スペシャルティコーヒー市場についていけない
数年前まではCOEの優勝ロットを飲んだりしていたのだけど、最近はめっきり興味がなくなってしまった。
理由としては、高騰するコーヒーの値段と満足感に隔たりを感じるようになったから。
1杯数千円のコーヒーに数千円の価値を見いだせなくなっている。
あとは、昨今のスペシャルティコーヒーの潮流にアナエロビックがある。
アナエロビックコーヒーは少し味付けが恣意的すぎるというか、そんなにフルーツ飲みたいならフルーツ食べればいいじゃん、みたいな感じを受ける。
まあ実際にインフューズドだったり、バレルエイジドだったりと、直接的にフルーツの香味を添加する流れになっている。
個人的には、1杯数千円のフルーツ味のコーヒーを飲むならそのお金で美味しいフルーツを買って食べるほうが満足感がある。
一周回ってスタバのコーヒーと変わらない気すらしてきた。
新作の〇〇ラテとスペシャルティ最先端がかなり接近している。
フレーバーコーヒー隆盛の予感もある。
あとは、情報量が増えすぎて、情報を食っているような印象になっている。
〇〇という手法を使ってるとか、品種が〇〇だとか、〇〇のコンテストで一位を取ったとか、〇〇農園のスペシャルロットだとか。
個人的にはそういう情報を取っ払って飲んで、どれだけ美味いか、というのが大切であって、情報に高い金を出したり、労力をかけて情報収集するのは本末転倒な気がする。
あと、生豆のスペックは確かに良いのだろうけど、焙煎が下手で渋いとか、豆をケチってるのか濃度が薄いとか、そういうのもたまにある。
自分の味覚が狂ってるのかもしれないし、そういうコーヒーを美味いと言っている人の味覚が情報に支配されているのかもしれない。

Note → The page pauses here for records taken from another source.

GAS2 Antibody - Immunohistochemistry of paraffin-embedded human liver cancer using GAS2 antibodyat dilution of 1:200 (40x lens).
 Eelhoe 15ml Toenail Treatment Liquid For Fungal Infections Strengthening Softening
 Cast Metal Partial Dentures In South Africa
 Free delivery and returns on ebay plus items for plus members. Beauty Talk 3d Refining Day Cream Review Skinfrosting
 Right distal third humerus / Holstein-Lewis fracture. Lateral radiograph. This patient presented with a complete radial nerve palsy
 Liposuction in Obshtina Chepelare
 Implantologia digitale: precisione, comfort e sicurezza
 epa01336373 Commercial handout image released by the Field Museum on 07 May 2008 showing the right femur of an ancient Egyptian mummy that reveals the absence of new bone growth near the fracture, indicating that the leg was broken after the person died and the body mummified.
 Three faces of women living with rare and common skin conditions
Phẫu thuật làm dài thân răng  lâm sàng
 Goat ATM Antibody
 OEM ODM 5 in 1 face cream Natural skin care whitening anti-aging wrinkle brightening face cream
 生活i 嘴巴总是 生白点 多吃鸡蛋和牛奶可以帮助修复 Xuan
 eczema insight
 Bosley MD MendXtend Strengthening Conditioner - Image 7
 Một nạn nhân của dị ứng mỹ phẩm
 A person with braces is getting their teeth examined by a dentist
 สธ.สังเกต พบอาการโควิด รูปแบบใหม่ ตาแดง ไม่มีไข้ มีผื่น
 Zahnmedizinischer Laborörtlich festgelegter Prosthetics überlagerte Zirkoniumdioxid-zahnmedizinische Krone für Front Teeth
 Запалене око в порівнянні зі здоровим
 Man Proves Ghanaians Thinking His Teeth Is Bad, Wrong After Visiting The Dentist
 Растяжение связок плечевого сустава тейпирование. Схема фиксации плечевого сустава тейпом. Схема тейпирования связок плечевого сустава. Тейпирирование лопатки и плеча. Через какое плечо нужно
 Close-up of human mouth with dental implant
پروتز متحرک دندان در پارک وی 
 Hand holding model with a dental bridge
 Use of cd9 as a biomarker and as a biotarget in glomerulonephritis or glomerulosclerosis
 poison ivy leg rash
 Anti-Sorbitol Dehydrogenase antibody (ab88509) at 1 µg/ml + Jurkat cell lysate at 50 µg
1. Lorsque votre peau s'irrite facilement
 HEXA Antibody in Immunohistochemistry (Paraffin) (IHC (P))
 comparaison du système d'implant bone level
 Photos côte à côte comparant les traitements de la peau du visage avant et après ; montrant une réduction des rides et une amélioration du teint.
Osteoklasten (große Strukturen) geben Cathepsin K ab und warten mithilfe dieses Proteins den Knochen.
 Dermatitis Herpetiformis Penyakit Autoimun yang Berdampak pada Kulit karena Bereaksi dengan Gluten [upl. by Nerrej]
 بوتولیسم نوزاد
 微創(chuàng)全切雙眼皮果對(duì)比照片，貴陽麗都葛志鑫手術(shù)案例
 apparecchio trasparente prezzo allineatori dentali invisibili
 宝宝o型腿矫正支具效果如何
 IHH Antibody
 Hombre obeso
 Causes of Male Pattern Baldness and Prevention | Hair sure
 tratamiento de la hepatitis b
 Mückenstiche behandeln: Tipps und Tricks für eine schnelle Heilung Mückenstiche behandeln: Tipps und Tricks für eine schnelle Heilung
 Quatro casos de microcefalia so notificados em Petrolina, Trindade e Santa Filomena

カッピングスコアはあくまでカッピングの焙煎度合いと抽出方法での評価であって、焙煎や抽出などの後工程でスコアなんてまるっきり変わってくると思っている。
いずれにせよ、スペック至上主義的な潮流は、本質的な香味や味覚、飲食物としてのクオリティ以外の分かりやすい部分で付加価値を付ける商売なのではないだろうか。
商売としては良いと思うのだけど。
普通にコーヒーは飲んでいるし、家でも淹れるくらいには馴染みのある飲み物なんだけど、スペシャルティコーヒー業界の潮流を追うのはもういいかなという感じ。
トレンドとは別のところに、楽しいコーヒーがあるような実感を持っている。